The right of working these mines and those of Poullaouen was given by Louis XIII. to Jean du Chatelet, Baron of Beausoleil, and his wife. He was at that time General of the Mines in Hungary, and inspector of the French mines. They were accompanied by German miners, but their mysterious researches caused them to be accused of sorcery and magic. Richelieu had them imprisoned in the Bastille, where they both died, victims of the fanaticism of the age, and the works were abandoned till the eighteenth century. They are now no longer in operation, but it is said are about to be re-opened.

Retracing our steps to La Grande Halte, on the Carhaix road, we turned off to the left to see the cascade of St. Herbot. We left our carriage, and walked up a hill covered with underwood, opposite the fall. The cascade is formed by the little river Elez falling through a mountain gorge about 650 feet in length, filled with granite rocks of every shape and size, the sides overhung with woods of oak. The height of the fall is 230 feet.

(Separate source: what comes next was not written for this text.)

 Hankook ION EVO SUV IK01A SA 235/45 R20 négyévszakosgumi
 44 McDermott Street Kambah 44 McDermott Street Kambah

There was no water in the cascade. At the best, it must be only a succession of small falls. The river tumbles from rock to rock, forming on some of the ledges pools of water, filled with small trout, some of which were caught by our party.

According to the legend, a giant of the country, wishing to clear the fields of his friend, a Druid, from the rocks that encumbered them, rolled them down the torrent.

We descended the hill to the road where we had left our carriage, and went to the chapel of St. Herbot, a building of the sixteenth century, on the side of a rushing brook. It has a high square tower opening into the church, and a rood-screen of wood beautifully carved in the style of the Renaissance, which forms three sides round the altar. Two angels are represented with cups, the "sainte graal" receiving the blood of Christ. The entrance to the church is up a flight of steps. It has a beautifully sculptured south porch, with statues of the Apostles, and some fine painted-glass windows. One part of the church has the windows with iron bars, as if for defence.



Near the altar is the tomb of the anchorite, St. Herbot; his effigy reposes under a Gothic canopy, upon a granite sarcophagus, represented in his hermit's gown, the hood thrown back, flowing hair, long beard, his breviary suspended to his girdle, and his pilgrim's staff by his left arm. His feet repose on a recumbent lion. St. Herbot is the great patron of cattle; the three days of the fair and pardon all the bullocks rest; and when an animal is ill, an offering of his hair is made to the saint. We saw a heap of horsehair and cows' tails lying on one of the altars. These are annually sold for the profit of the church, and the proceeds amount to a considerable sum. Our guide gravely assured us that on the first of May, day of the Pardon of St. Herbot, the cows "d'elles memes" walk three times round the church.